Betty Tebbs (10 April 1918 – 23 January 2017) was an English activist for women's rights and a peace campaigner. She was described by the People's History Museum (PHM) in Manchester as "a radical hero who worked tirelessly and with great humility to campaign for equal rights, workers' rights and peace her whole life".
Tebbs was the youngest child of a joiner and a maid. She was born in Bury, Lancashire, on 10 April 1918 and the rheumatic fever suffered during her childhood meant that she had a patchy education. She was married to Ernest Whewell until 1944, when he died during active service in the Second World War. Tebbs, who lived latterly in Prestwich, married for a second time in 1947. Her second husband, Leonard Tebbs, a former soldier and university lecturer who died in 1979, aged 61, had encouraged her in campaigning for peace and also to further her education at college when in her 50s. The couple had met in 1945 and had a son, Glyn. She also had a daughter, Patricia, from her first marriage. Encouragement from her grandchildren led to publication of an autobiography titled A Time to Remember in 2007.
Tebbs became involved in activism around the age of 14 when she realised that a boy with whom she worked at the East Lancashire Paper Mill (ELPM) was earning two shillings per week more than she was for doing the same job. Tebbs was a lifelong member of a trades union – initially, the National Union of Printing, Bookbinding and Paper Workers – from the time that she discovered the pay discrepancy at ELPM. She was involved in union activities there for 17 years until the death of Whewell in 1944. In 1968 she played a role in the Society of Graphical and Allied Trades adopting a motion that the National Economic Council establish a women's advisory committee, that would advise the council on issues affecting women workers. Tebbs had stated that the trade union movement had not been sufficiently successful in addressing women's issues.
After Whewell's death, she was dismayed with the unfairness of a tax and allowance system that she thought penalised war widows. At a union conference in 1960 she advocated for the withdrawal of U.S. troops from their bases in Britain. She also became prominent in peace activism and joined the Campaign for Nuclear Disarmament when it began in 1958. She became chair of the National Assembly of Women in 1978, having joined it in 1952, and met with world leaders in her attempts to bring about nuclear disarmament. Tebbs was banned from entering the United States due to her activism, and her protests against the Trident nuclear programme at Faslane led to her arrest at the age of 89.Tebbs also continued working for women's rights as a member of trade unions, and led a successful strike for equal pay at ELPM in the early 1950s. She persuaded a number of women to join her union at the mill she worked at after leaving ELPM, and herself moved up the union hierarchy, representing it as district representative, district committee member, and as women's representative for the northwestern region.

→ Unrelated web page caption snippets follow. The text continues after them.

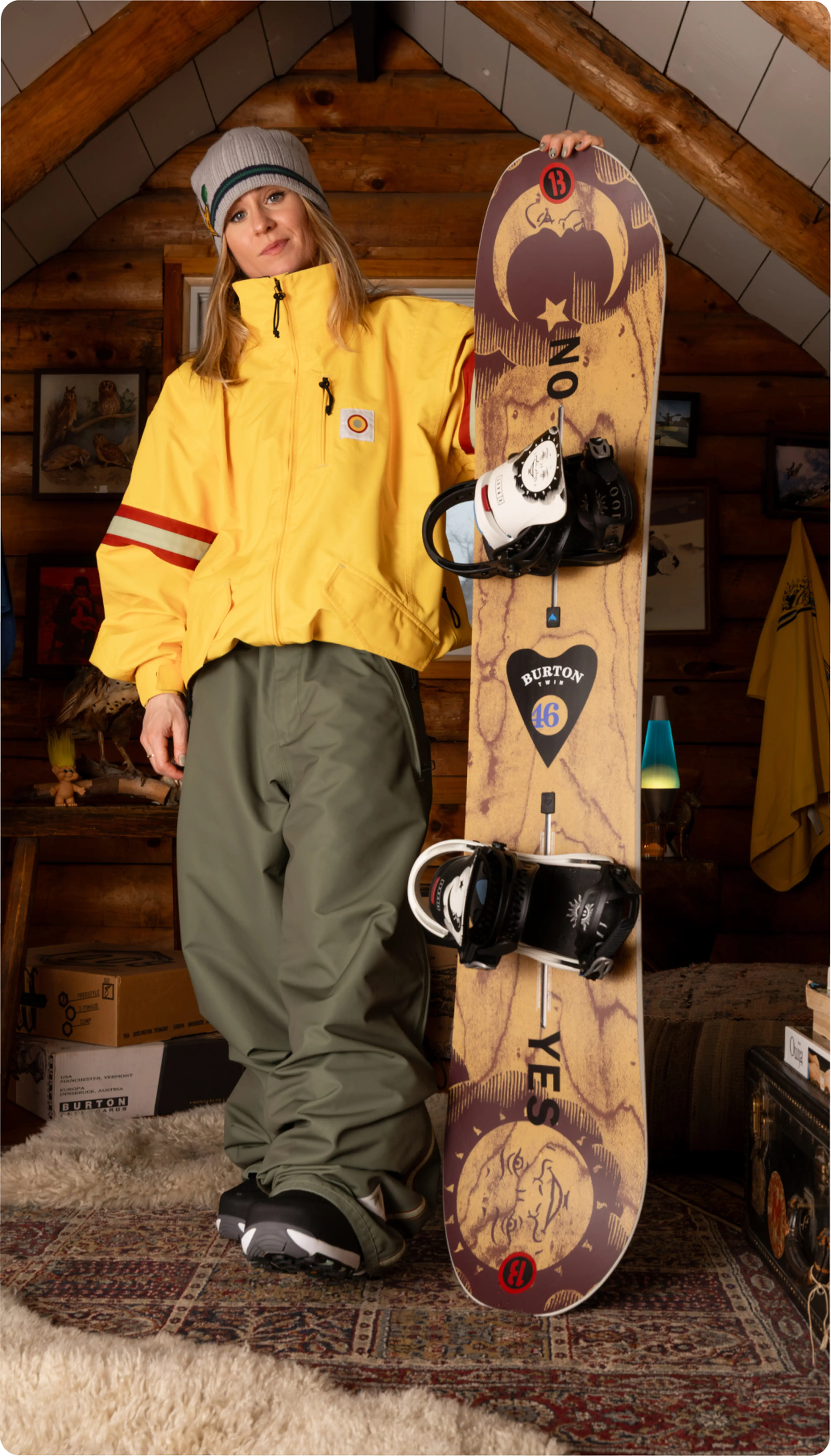 Person in a yellow jacket and gray beanie standing indoors, leaning against a snowboard with a sun face design, on a patterned rug.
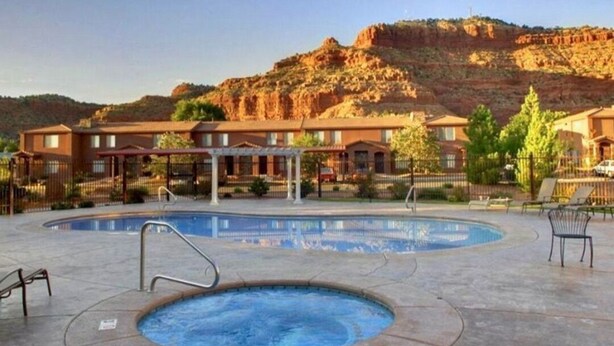 A hotel with a swimming pool, outdoor seating, and a mountainous backdrop. - The Happy Cactus Home (Kanab)
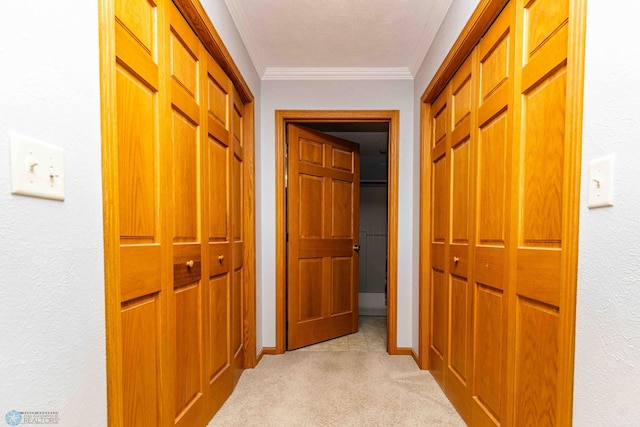 hallway featuring a textured ceiling, light colored carpet, and crown molding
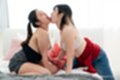 Kneeling on bed girls kissing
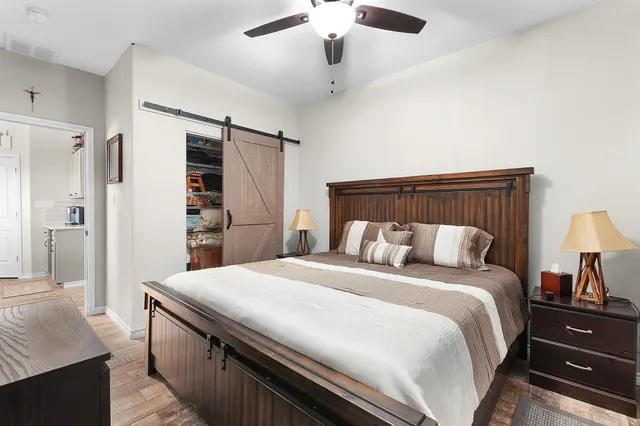 a spacious bedroom with a bed and a chandelier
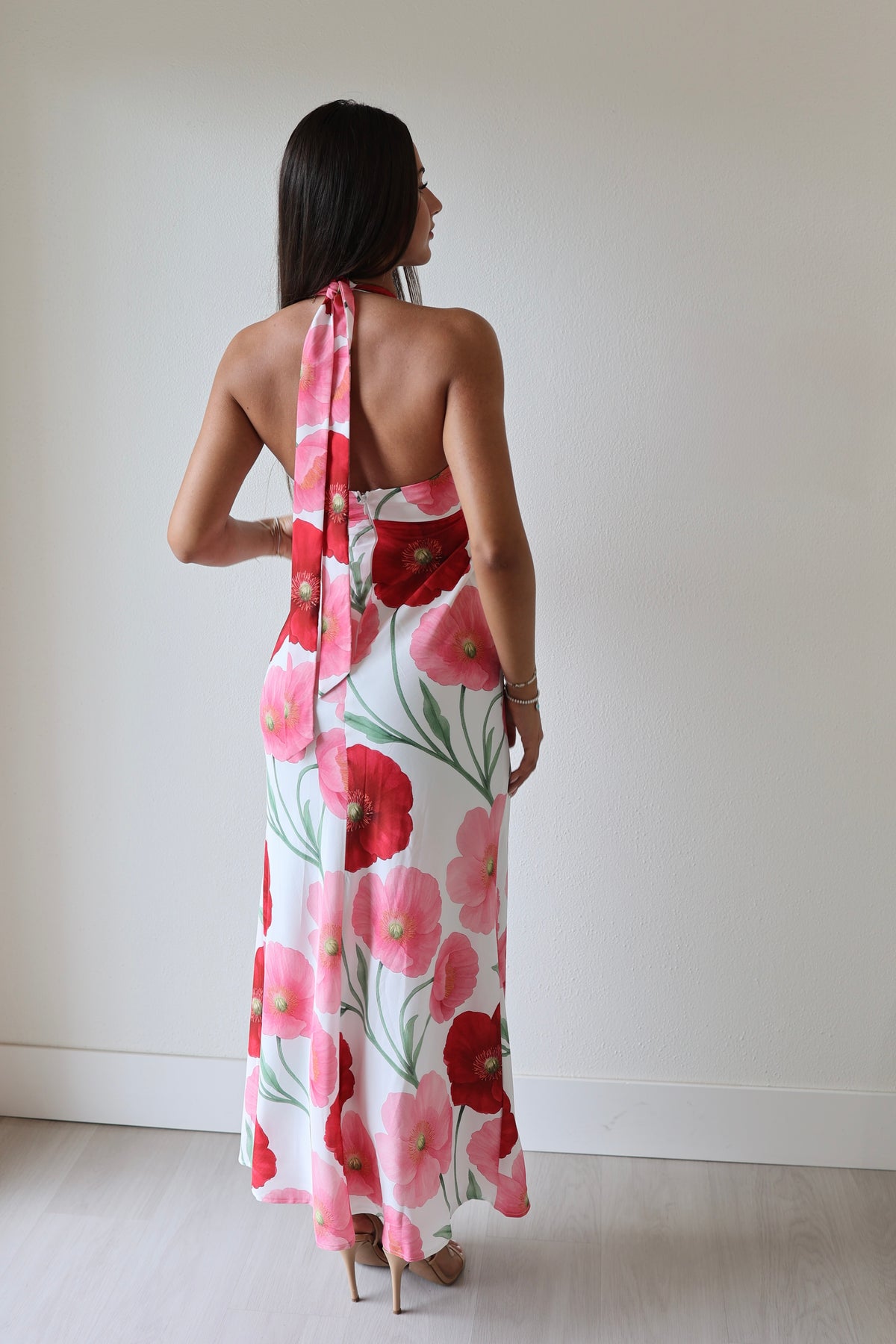 Back view of floral halter maxi dress with open back and red pink poppy print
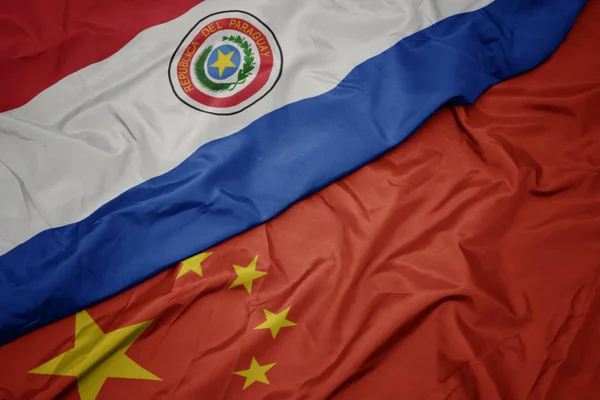 Махаючи барвистий прапор Китаю і національний прапор Парагваю . — стокове фото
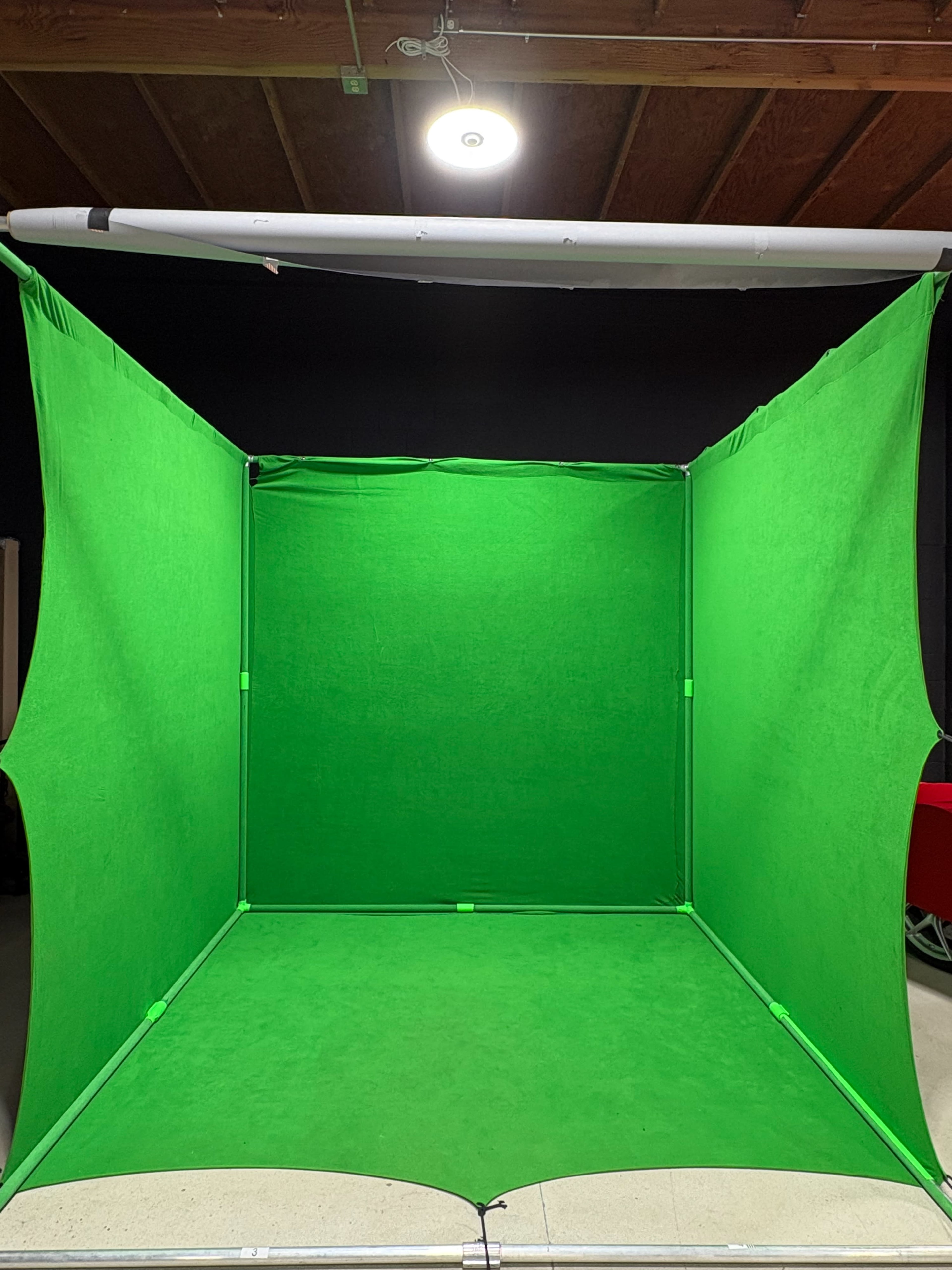 The image shows a green screen studio setup with large green fabric panels forming a box-like structure.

She attended union conferences in Scarborough in 1958 and 1960, and attended the International Women's Conference in Switzerland on behalf of the union. She also worked on campaigns for equality at numerous other industrial sites and established a refuge at Warrington for women who had suffered from domestic violence. In 1963 she was elected to the Radcliffe Municipal Borough Council against stiff opposition, running as a Labour Party candidate. For some time she was the sole woman on the council. Tebbs had left the Communist Party of Great Britain (CPGB) in protest against the Hungarian Revolution of 1956. She later left Labour to rejoin the CPGB, and then the New Communist Party. Later still, she returned to the Labour Party fold to vote for Jeremy Corbyn in the party leadership election. Tebbs was interviewed at the PHM by actor and activist Maxine Peake in June 2016. Shortly before her death on 23 January 2017 at the age of 98, she was recognised with the PHM's Radical Hero Award, which described her as "a radical hero who worked tirelessly and with great humility to campaign for equal rights, workers' rights and peace her whole life." In 2010, she had been given an award named after Elizabeth Gaskell by Manchester City Council. A fellow activist stated that Tebbs' work had provided the foundation for legislation protecting all women.